Skip to content
This repository has been archived by the owner on Nov 26, 2021. It is now read-only.

Setting up the Training Environment

Fabian Hueske edited this page Jul 31, 2020 · 10 revisions

The Apache Flink SQL Training is based on the Flink's SQL CLI client, an interactive client to submit SQL queries to Flink and visualize the results. The training assumes basic knowledge of SQL. You will not need to write Java or Scala code or use an IDE.

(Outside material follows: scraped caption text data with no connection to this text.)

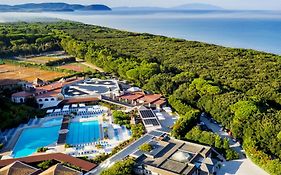 Garden Toscana Resort San Vincenzo Exterior photo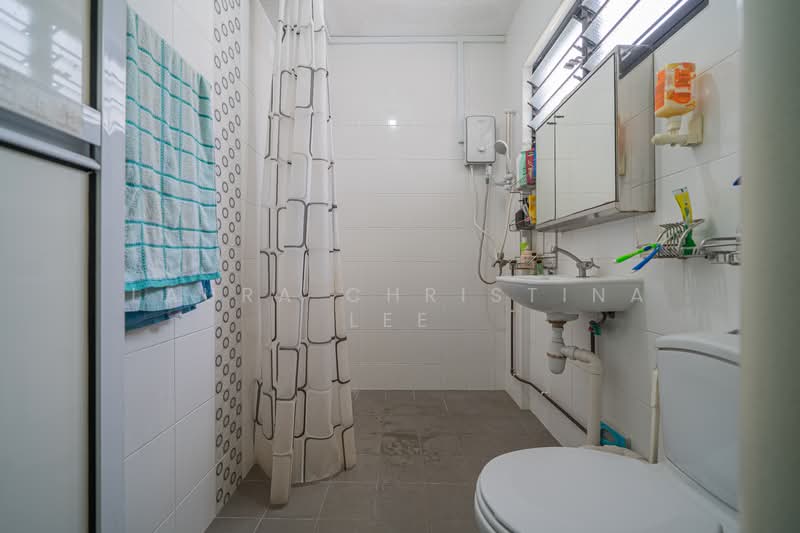 160 Bukit Batok Street 11, 160 Bukit Batok Street 11, 3 Bedrooms, 1,130 sqft, HDB Flat For Sale, by Laura Christina Lee, 500101435 - Bathroom - PropertyGuru.com.sg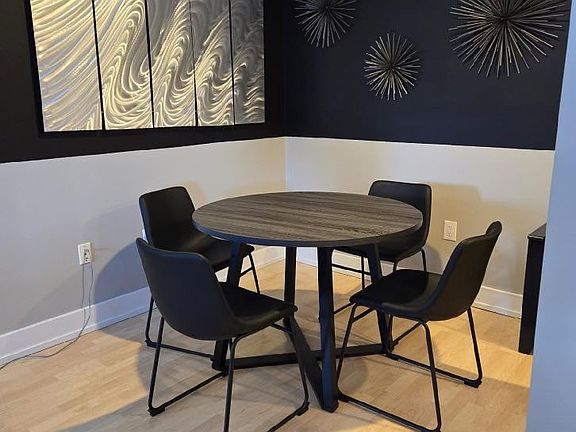 4th image of 400 Walnut St Suite 303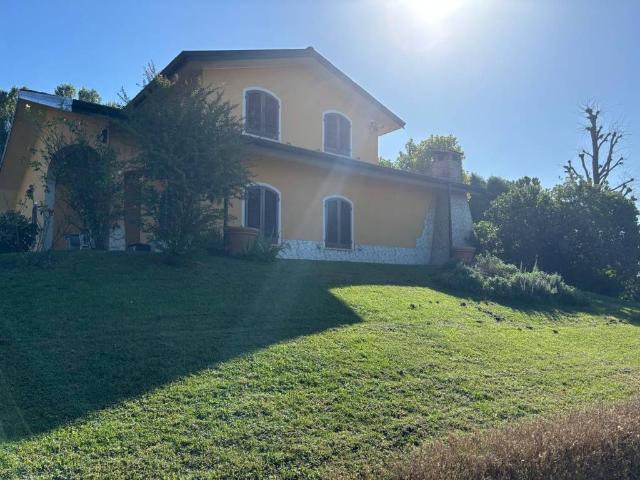 Villa in vendita a Torre de' Picenardi CR
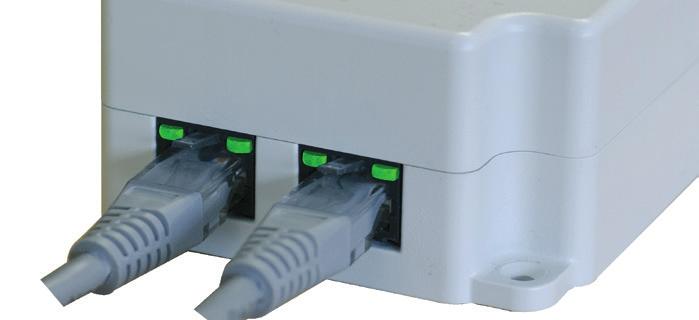 Knipperende groene LEDs op de RJ connectors (RX en TX) toont dat de communicatie via Modbus RTU netwerk gemaakt is (zie Fig. 6 Communicatie LED-aanduidingen ). Fig.5 Werking LED indicatie Fig.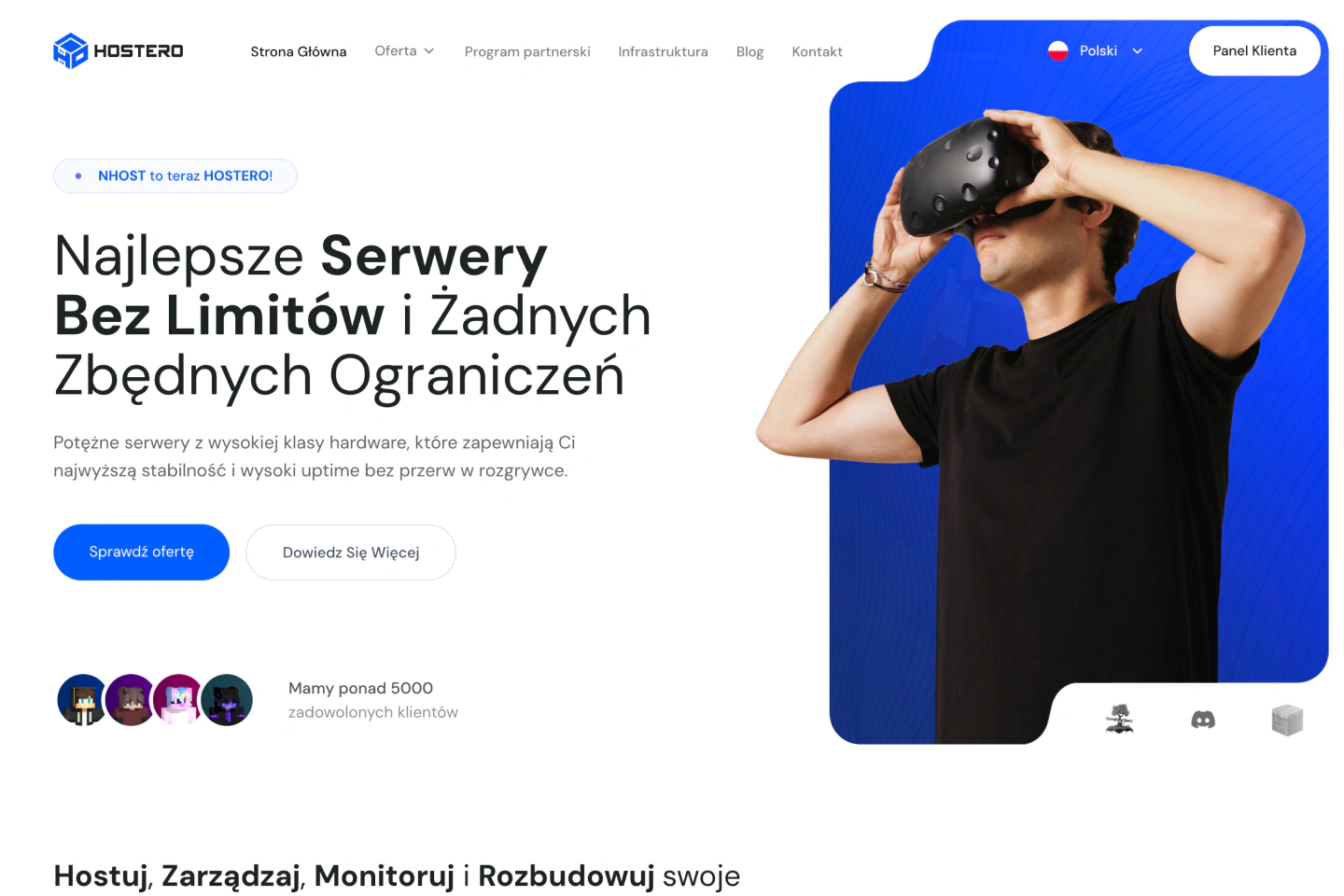 Strona główna Hostero z niebieskim akcentem, nagłówkiem i fotografią gracza w goglach VR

The training environment is set up using Docker Compose. The Docker Compose setup consists of multiple Docker containers that run different services:

  • a Flink SQL client container to submit queries and visualize their results,
  • a Flink master and a Flink worker container to execute queries,
  • an Apache Kafka container to produce input streams and consume result streams,
  • an Apache Zookeeper container (required by Kafka), and
  • a MySQL container to maintain an external materialized table.
  • a Minio container to provide an S3-compatible storage

All containers are started from images that are publicly available on Docker Hub.

Requirements

  • You only need to have Docker installed on your machine.

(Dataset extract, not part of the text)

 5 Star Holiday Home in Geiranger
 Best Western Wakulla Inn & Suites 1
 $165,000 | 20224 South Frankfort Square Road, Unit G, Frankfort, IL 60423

Docker is available for Linux, MacOS, and Windows.

Note: You need to configure Docker with sufficient resources to avoid that the training environment becomes unresponsive. We have made good experiences with running Docker at 3-4 GB memory and 3-4 CPU cores.

Getting the Docker Compose Configuration

Docker Compose environments are configured with a YAML file. The default path of the file is docker-compose.yml.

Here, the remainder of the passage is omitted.